Die erzwungene Implementierung von kulturellen, politischen und wirtschaftlichen sowie institutionellen Strukturen aus Europa während der Kolonialzeit in Las Indias ist bereits gut erforscht. Auch die Entstehung der verschiedenen Länder Lateinamerikas im Kontext von Modernisierungs- und Unabhängigkeitsbestrebungen sowie die damit verbundenen Erneuerungen vor Ort haben bereits große Aufmerksamkeit erfahren. Die Entstehung des post-kolonialen bzw. unabhängigen Staates Chile und die facettenreiche Beziehung zwischen Chile und Deutschland während des 19. Jahrhunderts sind hingegen noch nicht in allen Belangen hinreichend untersucht worden. Dokumentiert sind insbesondere die Handelsbeziehungen zwischen diesen beiden Ländern. Häufig betrachtet und in zahlreichen Werken ausführlich dargestellt wurde auch die Immigration von Deutschen nach Chile. Weitere Arbeiten beleuchten den Wiederaufbau des Heers in Chile anhand des deutschen Modells.
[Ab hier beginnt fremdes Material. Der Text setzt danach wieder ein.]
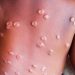 Santé : La RDC enregistre plus de 800 cas suspects de Mpox en 6 jours (ministère de la santé)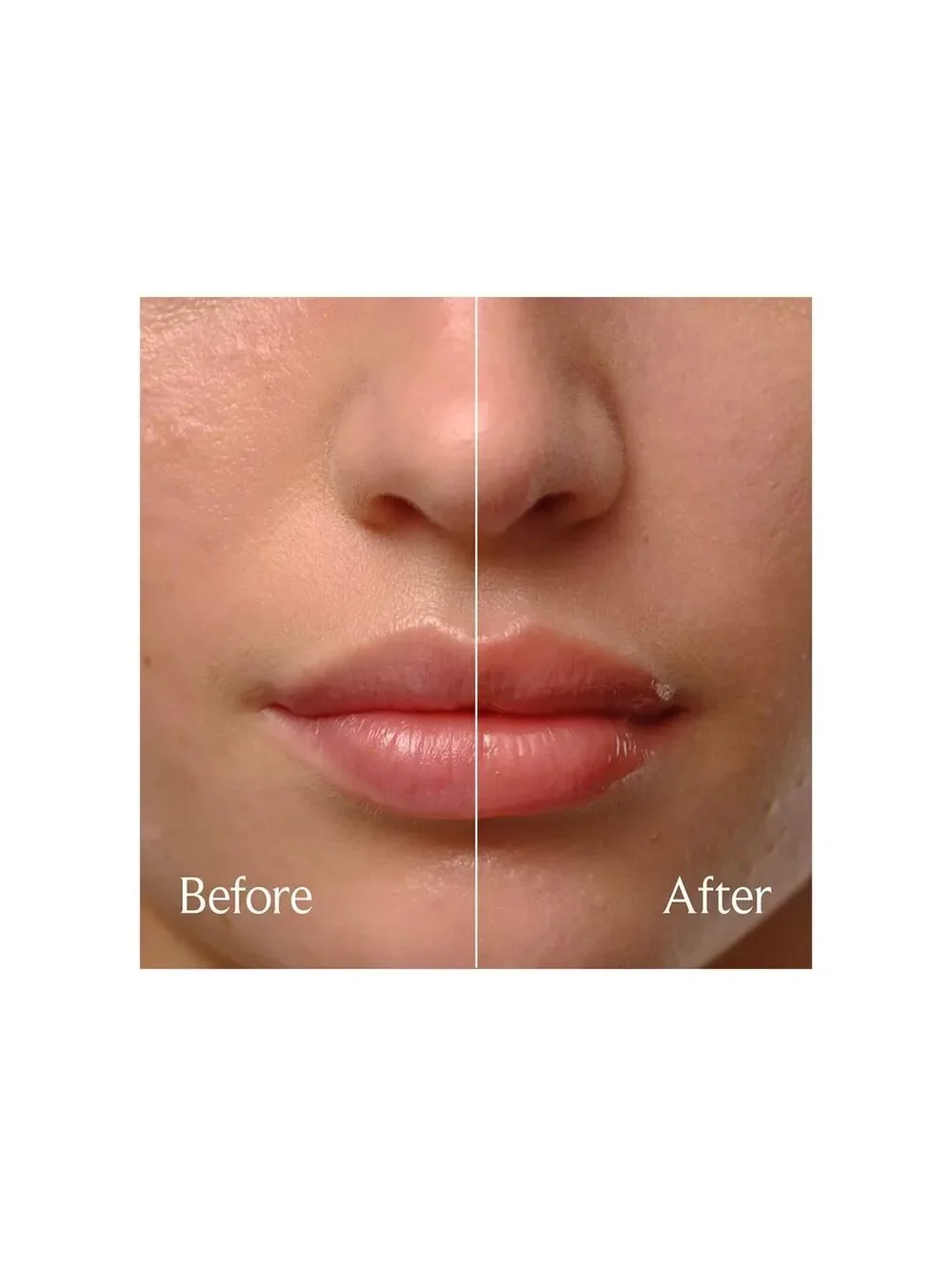 NEW Fresh Sugar Soft Lips Set • Coconut Lip Balm & Sugar Treat Lip Oil in Honey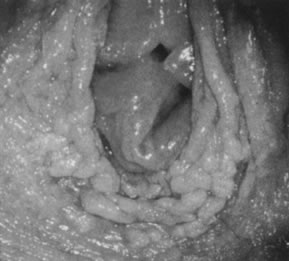 Squamous papilloma genital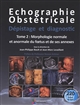 Échographie obstétricale : dépistage et diagnostic. Tome 2 , Morphologie normale et anormale du foetus et de ses annexes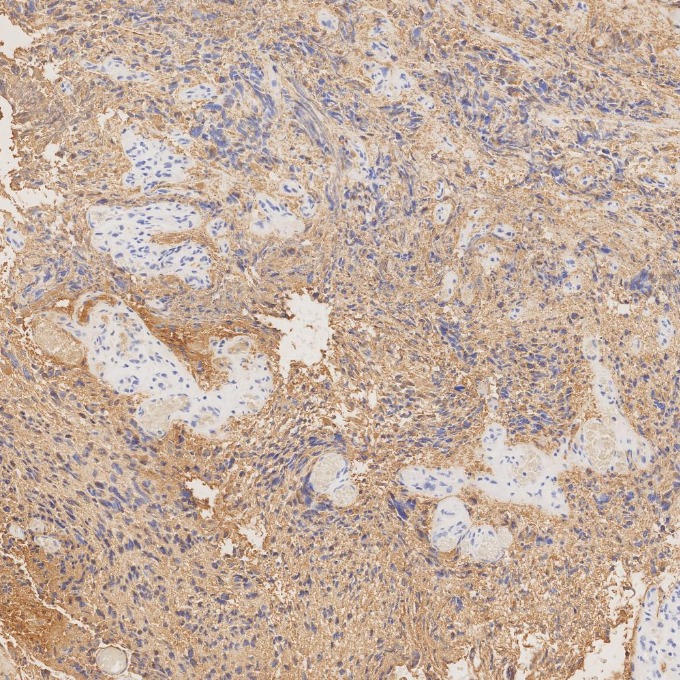 IHC staining of human gliomas using 81063-1-RR IHC staining of human gliomas using 81063-1-RR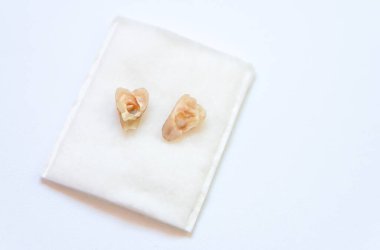 Klinikte dişçiye gittikten sonra çocuk ağzından çıkan kırık süt dişi, çürük dişler ikiye bölünmüş.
Im Gegensatz dazu sind die Umgestaltung des Bildungssystems sowie die Entwicklung neuer pädagogischer Konzeptionen in Chile zwischen Mitte und Ende des 19. Jahrhunderts bis anhin fast gänzlich ignoriert worden. Dies obwohl sie durch einen intensiven, wenn auch asymmetrischen Austausch gekennzeichnet waren. Diese große Forschungslücke kann auch die Arbeit von Ana Belén García Timón, in der sie der Thematik drei von insgesamt acht Kapiteln widmet, kaum füllen. In den restlichen fünf Abschnitten werden überwiegend Aspekte beschrieben, die aus vorangegangenen historischen, soziologischen und anthropologischen Forschungen bereits bekannt sind.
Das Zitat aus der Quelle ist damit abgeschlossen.